Over the past several weeks, I had been accumulating plastics that aren't collected by my town's recycling program — mostly yogurt cartons, deli takeout containers and produce packages — based on the word that Eastside Food Coop was doing a pilot program to recycle those oddball bits of #1-6 plastics. Thursdays and Fridays are the collection days, so today I took my saddlebag full of plastic up to Central Avenue, just north of Lowry.
Urbanist William McDonough isn't impressed. He calls this downcycling, and writes about the costs and unintended consequences of turning materials into inferior products that will be incinerated or landfilled anyway.
Just because a material is recycled does not automatically make it ecologically benign, especially if it was not designed specifically for recycling. Blindly adopting superficial environmental approaches without fully understanding their effects can be no better — and perhaps even worse — than doing nothing.

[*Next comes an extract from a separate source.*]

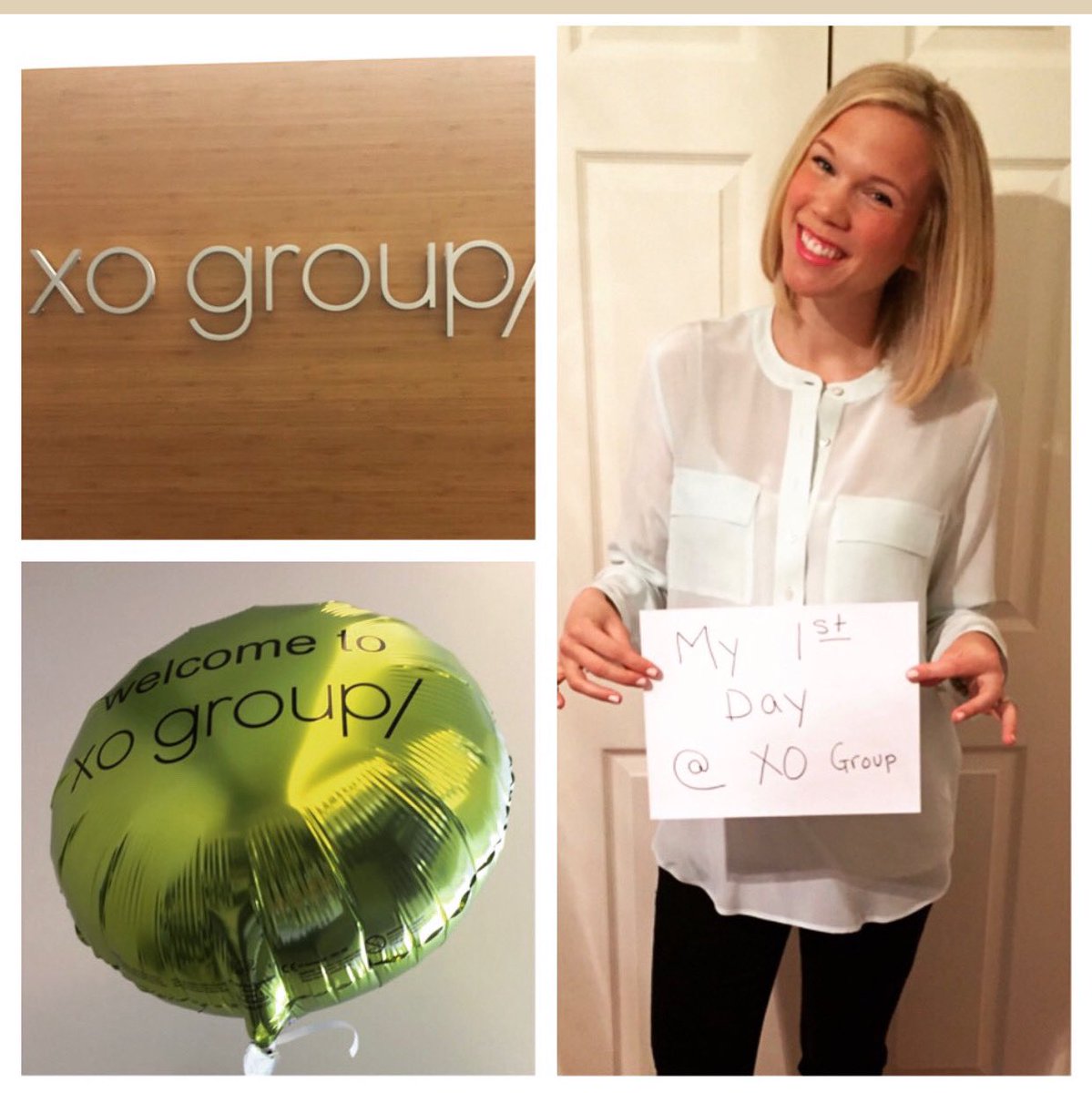First day at XO Group and secretly 9 weeks pregnant with my second baby.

Viewed from a systems perspective, McDonough's critique is legitimate. It also justifies inaction for folks who prefer to do nothing anyway. But packing my plastic, along with hundreds of others who do the same, puts some information into the system.
The truck that came to haul away the plastic was leaving ahead of schedule because it was overflowing. People were making the effort to bring these useless materials to this obscure spot in a non-hip neighborhood, just as we once drove our bottles and cans to the Twin Cities' only recycling station back in the '70s.
Indeed, a woman drove up shortly after I arrived and made sure her bag got on the departing truck. Thanks to her insistence, I got my larger load included as well. Driving a small bag of plastics to the coop is easily lampooned, and a better approach would've been to plan the drop as part of a necessary trip, to save more plastic first, collect the neighborhood's waste or enjoy a bike ride with a light load.
Oh, well. Not all small steps get you anywhere, but they are necessary precursors to giant leaps.